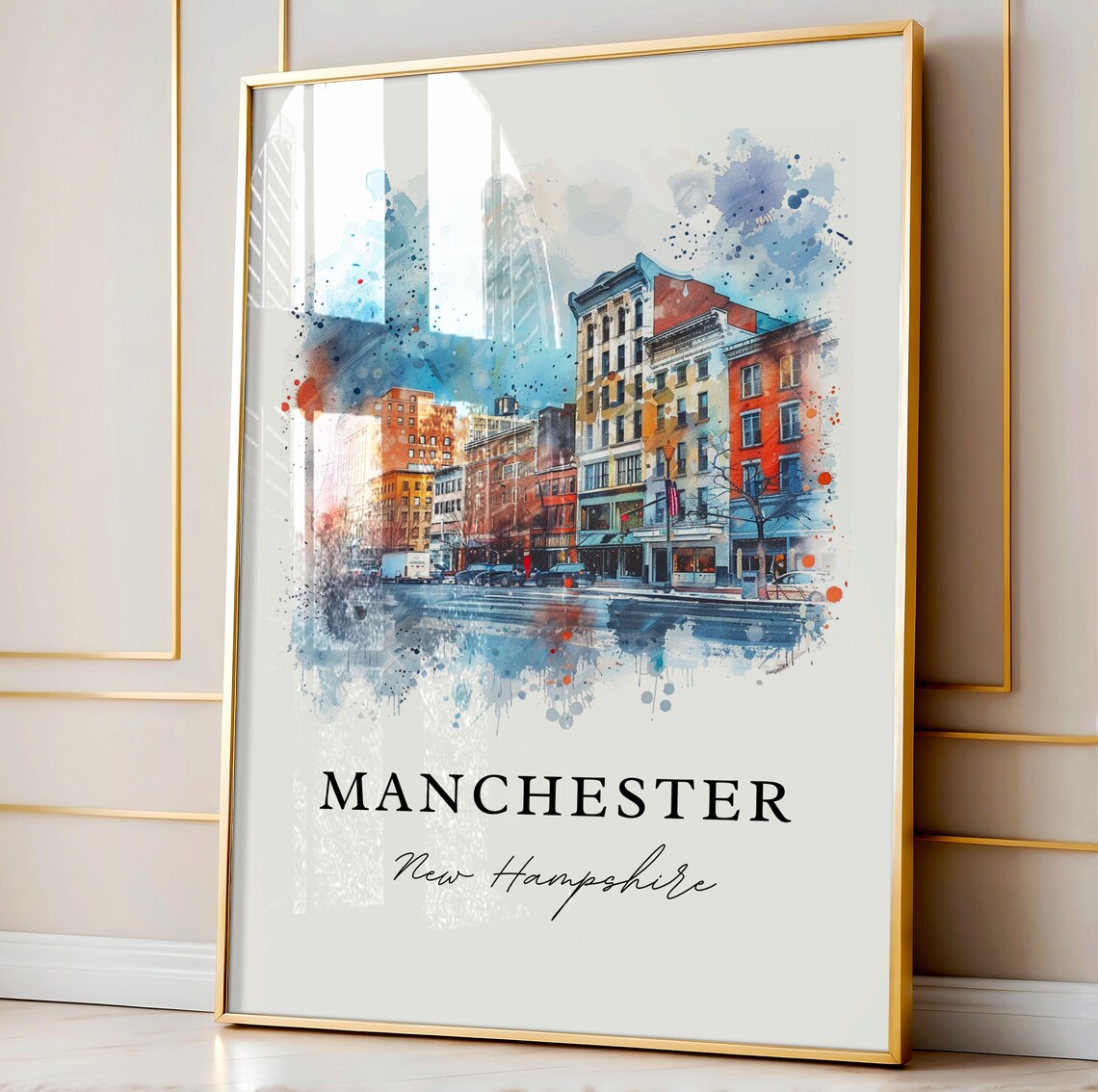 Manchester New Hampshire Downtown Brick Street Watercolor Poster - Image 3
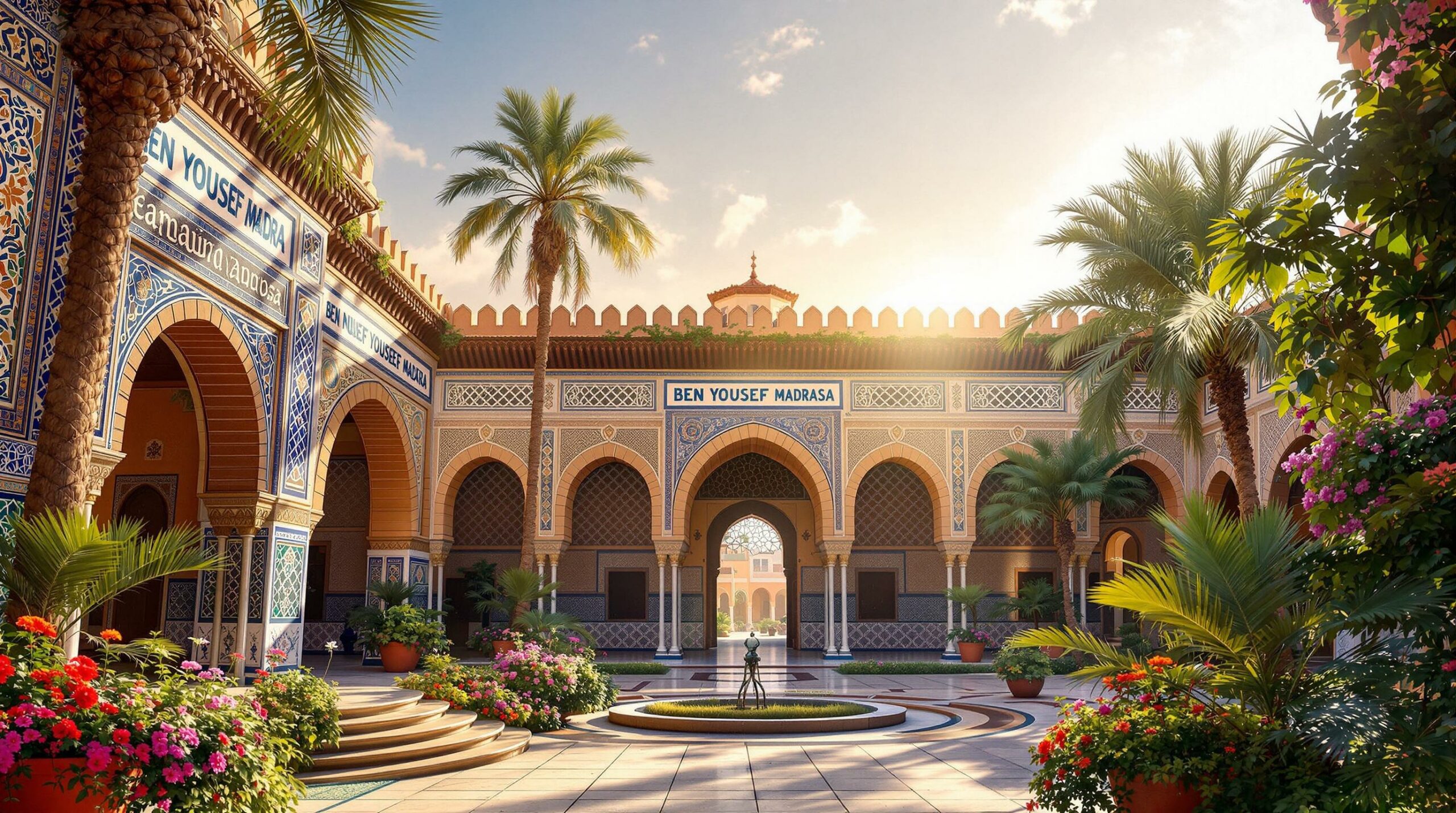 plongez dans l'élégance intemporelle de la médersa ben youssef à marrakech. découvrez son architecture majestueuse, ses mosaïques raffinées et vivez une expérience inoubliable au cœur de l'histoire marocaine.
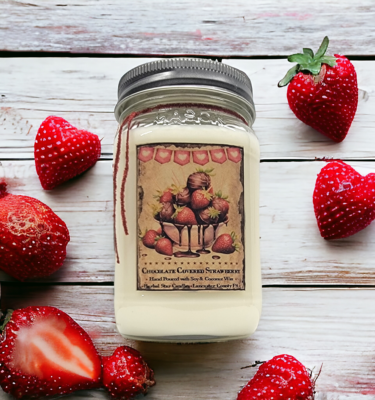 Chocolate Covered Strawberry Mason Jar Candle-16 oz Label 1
+ + + + +
ABOUT THIS EXERCISE: For this task, give the full listing again verbatim and keep out every picture.

EXERCISE ANSWER:
 Manchester New Hampshire Downtown Brick Street Watercolor Poster - Image 3
 plongez dans l'élégance intemporelle de la médersa ben youssef à marrakech. découvrez son architecture majestueuse, ses mosaïques raffinées et vivez une expérience inoubliable au cœur de l'histoire marocaine.
 Chocolate Covered Strawberry Mason Jar Candle-16 oz Label 1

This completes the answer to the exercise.